The second principle is to unshackle the invisible hand where possible. Power supply should be left to market forces. Competition should be used to deliver more electricity, and effective economic regulation should cover the rest.
Decision-making authority regarding technical policies few outside the industry have heard of resides mostly with state lawmakers. States vary in their readiness for the imminent growth in electricity demand. The model state lawmakers should follow on this front is Texas.
The Lone Star state has electrified the invisible hand better than any other. It boasts the most robustly restructured electricity market, the smoothest interconnection process, and relatively efficient permitting and siting laws. As a result, Texas leads the country in wind, solar, and energy-storage additions while coming second in gas to PJM. It has also rapidly retired outmoded plants. Energy customers are flocking to the state, which finds itself with the largest demand-growth projections in the country. Texas has also demonstrated how economic freedom and emissions reductions align, earning Newsweek's title of the greenest state in 2024.
Delightfully, proponents of liberty have never had more in common with environmental interests. Discouragingly, whatever progress these alliances can make, the culture war can quickly undo.

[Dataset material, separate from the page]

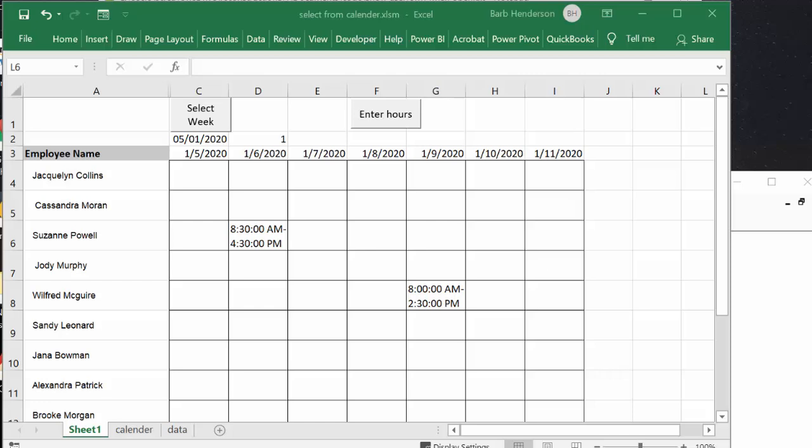Today I'm going to show you how you can create a timesheet that you can enter hours for any selected week of the year.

This tension was on display when the bipartisan Energy Permitting Reform Act made a run late last Congress. The bill would have alleviated several permitting and transmission problems while giving grid-reliability authorities more input on EPA rules. Analyses found it a win-win for the economy and the environment. As such, it was supported by principled free-market groups, energy consumers, and results-oriented environmental groups. It was predictably opposed by incumbent utilities, but also by tribal conservatives opposed to transmission and symbolic environmentalists opposed to permitting reform.
Overcoming these deformations of electricity policy must be a priority. Dull as it may seem, the mundane is the sublime. Defeating entrenched interests is a slog, but a union of pragmatic conservative, environmental, and consumer voices is gaining steam. Should it prevail, liberty will fuel America's next industrial revolution.